Work task: All that is needed is each line of the entries holding the word "White", copied as it stands.
** Opening Dataset block **
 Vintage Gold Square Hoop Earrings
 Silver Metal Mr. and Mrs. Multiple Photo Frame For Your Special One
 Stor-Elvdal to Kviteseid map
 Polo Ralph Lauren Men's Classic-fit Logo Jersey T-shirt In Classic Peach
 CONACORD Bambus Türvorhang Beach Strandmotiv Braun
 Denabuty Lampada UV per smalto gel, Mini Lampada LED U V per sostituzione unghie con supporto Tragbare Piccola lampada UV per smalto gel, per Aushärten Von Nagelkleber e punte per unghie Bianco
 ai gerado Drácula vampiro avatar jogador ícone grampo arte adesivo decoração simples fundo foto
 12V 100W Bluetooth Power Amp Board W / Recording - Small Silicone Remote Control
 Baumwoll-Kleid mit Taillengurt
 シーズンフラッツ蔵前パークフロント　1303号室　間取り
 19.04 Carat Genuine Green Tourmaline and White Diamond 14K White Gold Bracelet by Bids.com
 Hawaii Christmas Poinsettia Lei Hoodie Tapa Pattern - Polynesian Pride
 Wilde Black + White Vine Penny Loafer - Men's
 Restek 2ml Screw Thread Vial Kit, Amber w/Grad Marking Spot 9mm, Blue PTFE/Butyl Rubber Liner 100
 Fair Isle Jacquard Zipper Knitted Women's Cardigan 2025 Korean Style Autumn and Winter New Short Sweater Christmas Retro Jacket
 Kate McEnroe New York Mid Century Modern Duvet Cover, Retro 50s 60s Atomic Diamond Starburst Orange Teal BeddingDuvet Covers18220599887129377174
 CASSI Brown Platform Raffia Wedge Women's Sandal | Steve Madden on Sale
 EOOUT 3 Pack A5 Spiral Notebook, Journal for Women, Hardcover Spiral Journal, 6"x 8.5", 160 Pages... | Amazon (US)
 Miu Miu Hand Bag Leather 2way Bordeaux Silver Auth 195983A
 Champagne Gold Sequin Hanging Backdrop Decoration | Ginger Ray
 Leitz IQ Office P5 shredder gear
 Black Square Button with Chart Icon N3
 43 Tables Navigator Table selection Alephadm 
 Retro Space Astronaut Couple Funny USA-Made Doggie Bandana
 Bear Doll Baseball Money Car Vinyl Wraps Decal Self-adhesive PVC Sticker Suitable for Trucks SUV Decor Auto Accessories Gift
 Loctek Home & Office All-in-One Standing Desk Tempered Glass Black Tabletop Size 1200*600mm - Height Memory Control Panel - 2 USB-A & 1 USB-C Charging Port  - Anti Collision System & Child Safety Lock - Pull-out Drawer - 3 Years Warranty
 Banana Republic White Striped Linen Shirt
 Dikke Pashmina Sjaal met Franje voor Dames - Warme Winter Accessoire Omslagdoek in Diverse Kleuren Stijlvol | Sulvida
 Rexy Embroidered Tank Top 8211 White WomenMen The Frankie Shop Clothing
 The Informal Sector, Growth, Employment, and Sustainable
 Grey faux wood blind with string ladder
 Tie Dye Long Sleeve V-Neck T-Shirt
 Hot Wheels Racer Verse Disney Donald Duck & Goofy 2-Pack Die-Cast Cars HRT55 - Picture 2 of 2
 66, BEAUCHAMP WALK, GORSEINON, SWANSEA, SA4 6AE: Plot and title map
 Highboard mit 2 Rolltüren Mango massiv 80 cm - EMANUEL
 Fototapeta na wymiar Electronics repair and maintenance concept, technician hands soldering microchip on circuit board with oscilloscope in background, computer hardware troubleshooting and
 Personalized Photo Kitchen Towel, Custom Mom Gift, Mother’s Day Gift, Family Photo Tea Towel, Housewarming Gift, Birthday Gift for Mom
** Closing Dataset block **
Result for this task:
 19.04 Carat Genuine Green Tourmaline and White Diamond 14K White Gold Bracelet by Bids.com
 Wilde Black + White Vine Penny Loafer - Men's
 Banana Republic White Striped Linen Shirt
 Rexy Embroidered Tank Top 8211 White WomenMen The Frankie Shop Clothing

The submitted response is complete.